The first two statements set up a pair of vectors, one to represent the original response time variables and one to represent the transformed variables. The third statement creates a loop with 200 cycles. Each cycle of the loop corresponds to a trial in the experiment. The fourth line actually performs the desired transformation. During each cycle it takes one variable from Lvector and sets it equal to the log of the corresponding variable in Rtvector. The fifth
line simply ends the loop. By the time this program completes, it will have created 200 new variables holding the log values that you desire.
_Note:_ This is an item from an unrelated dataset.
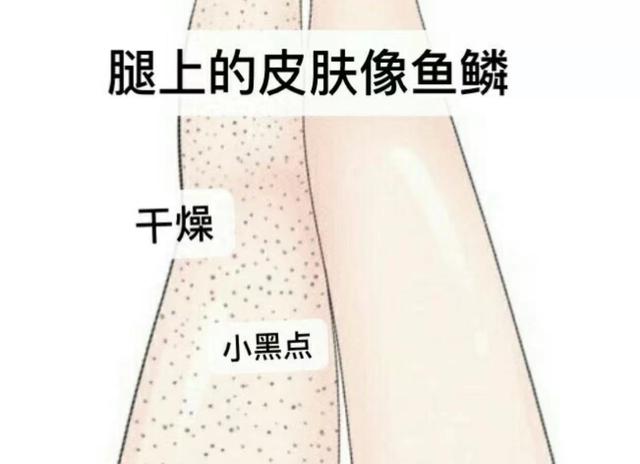 日本角鲨烷香氛身体乳怎么样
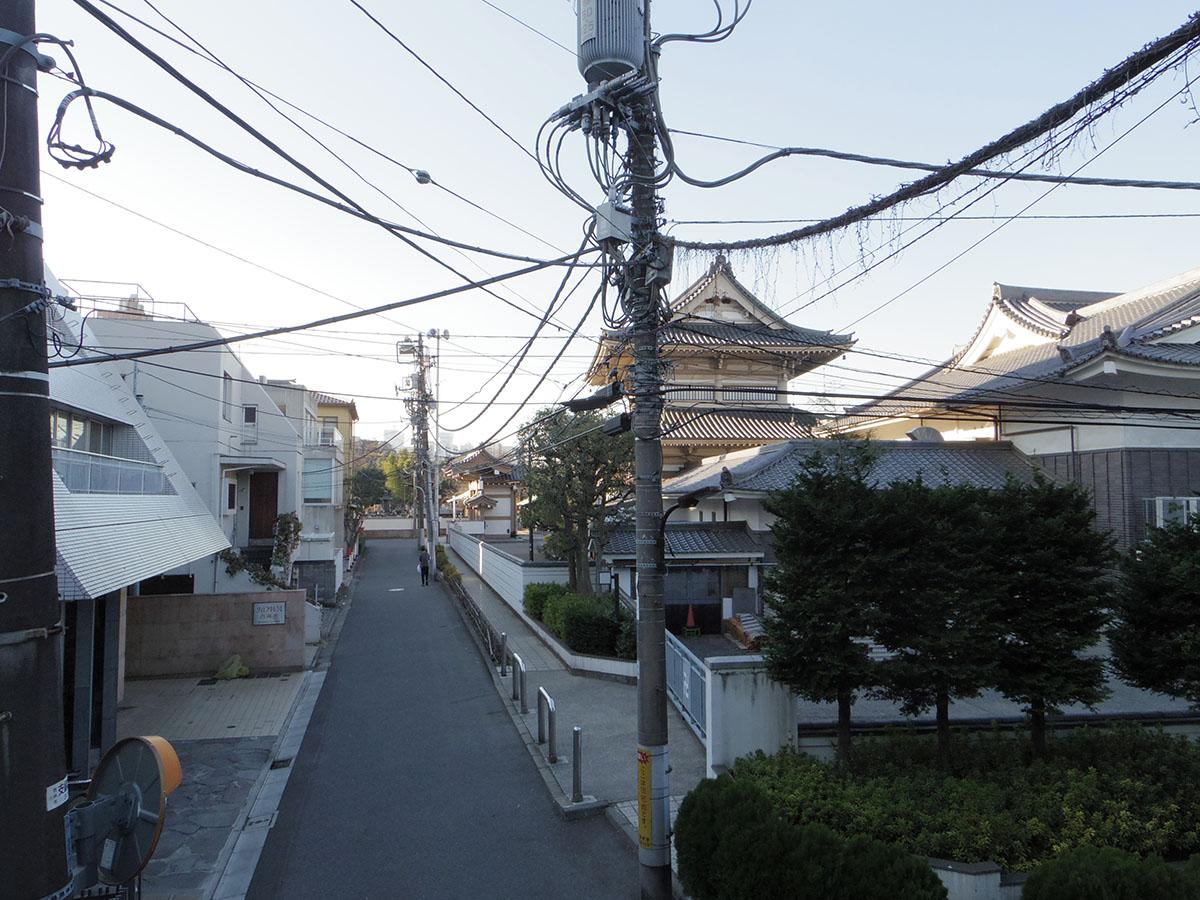 港区西麻布の賃貸物件/2階からの眺望。すぐそこに由緒ただしき長谷寺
In addition to greatly reducing the number of programming lines, there are other advantages to performing transformations using vectors and loops. If you need to make a change to the transformation you only need to change a single statement. If you write separate transformations for each variable, you must change every single statement anytime you want to change the specifics of the transformation. It is also much easier to read programs that use loops than programs with large numbers of transformation statements. The loops naturally group together transformations that are all of the same type, whereas with a list you must examine each individual transformation to find out what it does.